DATA TO USE ::
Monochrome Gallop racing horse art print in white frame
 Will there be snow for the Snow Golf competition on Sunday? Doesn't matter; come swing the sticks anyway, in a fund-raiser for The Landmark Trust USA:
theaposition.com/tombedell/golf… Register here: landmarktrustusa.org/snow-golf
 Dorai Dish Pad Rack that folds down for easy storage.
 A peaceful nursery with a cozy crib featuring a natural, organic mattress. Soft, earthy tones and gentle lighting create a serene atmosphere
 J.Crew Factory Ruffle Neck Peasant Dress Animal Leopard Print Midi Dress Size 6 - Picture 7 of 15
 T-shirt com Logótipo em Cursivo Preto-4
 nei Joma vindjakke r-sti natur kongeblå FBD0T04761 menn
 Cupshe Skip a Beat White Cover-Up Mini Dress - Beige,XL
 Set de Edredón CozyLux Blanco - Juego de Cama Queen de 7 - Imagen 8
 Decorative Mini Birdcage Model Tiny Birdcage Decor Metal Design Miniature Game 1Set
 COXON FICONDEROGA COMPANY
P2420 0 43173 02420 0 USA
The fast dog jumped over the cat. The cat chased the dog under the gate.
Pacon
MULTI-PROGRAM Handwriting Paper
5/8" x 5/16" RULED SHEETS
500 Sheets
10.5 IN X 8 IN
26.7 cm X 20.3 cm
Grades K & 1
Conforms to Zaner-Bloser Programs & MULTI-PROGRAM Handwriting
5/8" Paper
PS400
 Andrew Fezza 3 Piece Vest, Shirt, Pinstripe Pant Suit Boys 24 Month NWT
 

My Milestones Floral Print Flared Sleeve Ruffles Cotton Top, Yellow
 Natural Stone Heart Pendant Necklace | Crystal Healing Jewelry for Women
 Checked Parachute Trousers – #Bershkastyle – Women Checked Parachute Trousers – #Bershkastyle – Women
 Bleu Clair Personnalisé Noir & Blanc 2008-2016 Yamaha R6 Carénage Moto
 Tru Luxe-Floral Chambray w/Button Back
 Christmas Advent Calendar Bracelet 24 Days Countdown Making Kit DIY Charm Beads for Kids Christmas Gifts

ASSIGNMENT ::
Return each line exactly, beginning at the start of the material above and ending at the line that includes "Register here: landmarktrustusa.org/snow-golf", with both of those kept.

ANSWER FOR THE TASK ::
Monochrome Gallop racing horse art print in white frame
 Will there be snow for the Snow Golf competition on Sunday? Doesn't matter; come swing the sticks anyway, in a fund-raiser for The Landmark Trust USA:
theaposition.com/tombedell/golf… Register here: landmarktrustusa.org/snow-golf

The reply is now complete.